28. O argumento deduzido da circunstância de o acórdão de conferência não preencher os requisitos do art. 671.º, n.º 1, do Código de Processo Civil é confirmado pela constatação do facto de que o incidente de reforma só pode ser suscitado em requerimento autónomo em relação a decisões de que não haja recurso — art. 616.º, n.º 2, do Código de Processo Civil — e pela constatação do facto de que a decisão do tribunal sobre a arguição de nulidades e sobre o incidente de reforma é definitiva — cf. art. 617.º, n.º 6, do Código de Processo Civil.
29. Como foi decidido pelo Exmo. Senhor Conselheiro Oliveira Abreu em despacho proferido em 11 de Outubro de 2019, no processo n.º 4901/17.9T8OER.L1.S1, “… impõe-se que tenhamos em atenção que, deduzido pedido de reforma perante o Tribunal que proferiu a decisão, por dela não caber recurso ordinário, o Tribunal profere decisão definitiva sobre a questão suscitada — art. 617.º, n.º 6, do Código de Processo Civil”. “Assim sendo, não temos como deixar de reconhecer que estando em causa o conhecimento da reforma do acórdão reformando, a decisão proferida sobre a reclamada reforma, quando indeferida, como foi o caso, é insusceptível de recurso, nos termos enunciados, decorrente do art. 617.º, n.º 6, do Código Processo Civil”.
30. O raciocínio desenvolvido a propósito do objecto do recurso — do conteúdo da decisão impugnada — é reforçado pela disposição sobre os fundamentos do recurso do art. 674.º do Código de Processo Civil.
31. O art. 674.º, n.º 1, do Código de Processo Civil enumera os fundamentos do recurso de revista, dizendo que “a revista pode ter por fundamento:
a) A violação de lei substantiva, que pode consistir tanto no erro de interpretação ou de aplicação, como no erro de determinação da norma aplicável;b) A violação ou errada aplicação da lei de processo;
c) As nulidades previstas nos artigos 615.º e 666.º”
32. Os Recorrentes pretendem agora que o recurso seja admitido por ter como fundamento uma nulidade processual, “nos termos do art. 195º, n.º 1, do Código de Processo Civil”.

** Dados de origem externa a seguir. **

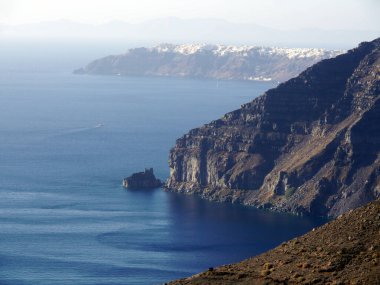 Yunanistan 'ın Santorini adasındaki Fira kasabasından dağların, denizin ve doğanın panoramik manzarası. Kalderanın ve körfezdeki gemilerin görüntüsü..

“Se o juiz conhecer de uma matéria de facto ou de direito alegada por uma das partes sem previamente ter sido concedida à parte contrária a possibilidade de exercer o contraditório, a decisão é nula por excesso de pronúncia (art. 615.º, n.º 1, al. d), 666.º, n.º 1, e 685.º), porque o juiz decide essa questão de facto ou de direito quando não estão reunidas as condições para se poder pronunciar sobre ela” [Miguel Teixeira de Sousa, anotação ao art. 3.º, in: CPC online — art. 1.º a 58.º, cit., pág. 4.)“A violação da proibição da decisão-surpresa implica um vício da própria decisão-surpresa. A decisão-surpresa é, em si mesma, um vício processual que nada tem a ver com a tramitação processual e, por isso, com as nulidades processuais. A decisão-surpresa é uma decisão nula por excesso de pronúncia (art. 615.o, n.o 1, al. d), 666.º, n.º 1, e 685.º), porque o tribunal conhece de matéria que, nas condições em que o fez, não podia conhecer […]” [Miguel Teixeira de Sousa, anotação ao art. 3.º, in: CPC online — art. 1.º a 58.º, cit., pág. 5.]